Studies of small for gestational age (SGA) birth and subsequent childhood cognitive outcomes are inconsistent. Few studies have assessed whether effects varied by socioeconomic status (SES).


To assess child cognitive and behavioral outcomes according to SGA and severe SGA (<10th and <5th percentiles) and SES.


We followed 474 infants initially selected for a case-control study assessing SGA vs. appropriate-for-gestational age (AGA). The infants were born at two hospitals: a public hospital serving a low-income, African-American population and a private hospital serving a predominantly white, middle-class population. At age 54 months, a psychologist administered the Differential Abilities Scales (DAS), and Vineland Adaptive Behavior Scales (VABS). The mother completed the Child Behavior Checklist (CBCL). Associations were analyzed using multiple linear regression.

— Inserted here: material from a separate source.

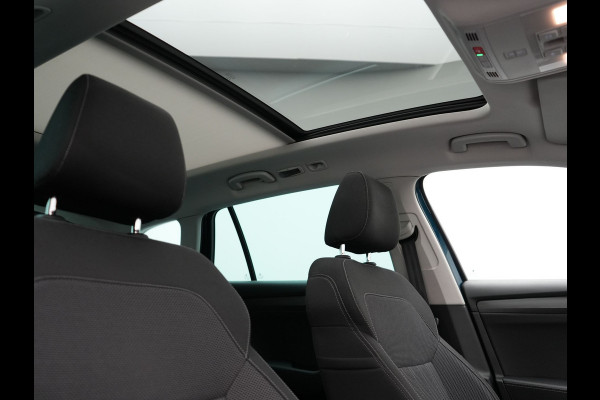 Škoda Superb Combi TSI iV Business Edition Plus Plug In Hybrid 218pk Dealer O.H. PHEV | Panodak | Cruise Control | Sportstoelen Memory & Verwarmd | Crystal LED | Apple Carplay | Virtual | DAB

Among AGA children, the mean DAS score was >1 standard deviation lower for children born at the public vs. the private hospital (75.2 vs. 95.7 among boys; 76.3 vs. 101.8 among girls). Being SGA had a weaker effect on DAS scores, overall. Severe SGA had a significant effect on DAS scores of children born at the private hospital (average reduction 8.0 +/- 2.5 points), but not on children born at the public hospital (average reduction 1.1 +/- 2.2 points). In the latter group, severe SGA was associated with a lower VABS score (average reduction 9.2 +/- 2.5 points).


Poor fetal growth influences neurodevelopment, but this influence is modified by postnatal environment. Adverse effects associated with low SES might mask or attenuate associations between prenatal exposures and developmental outcomes in some populations.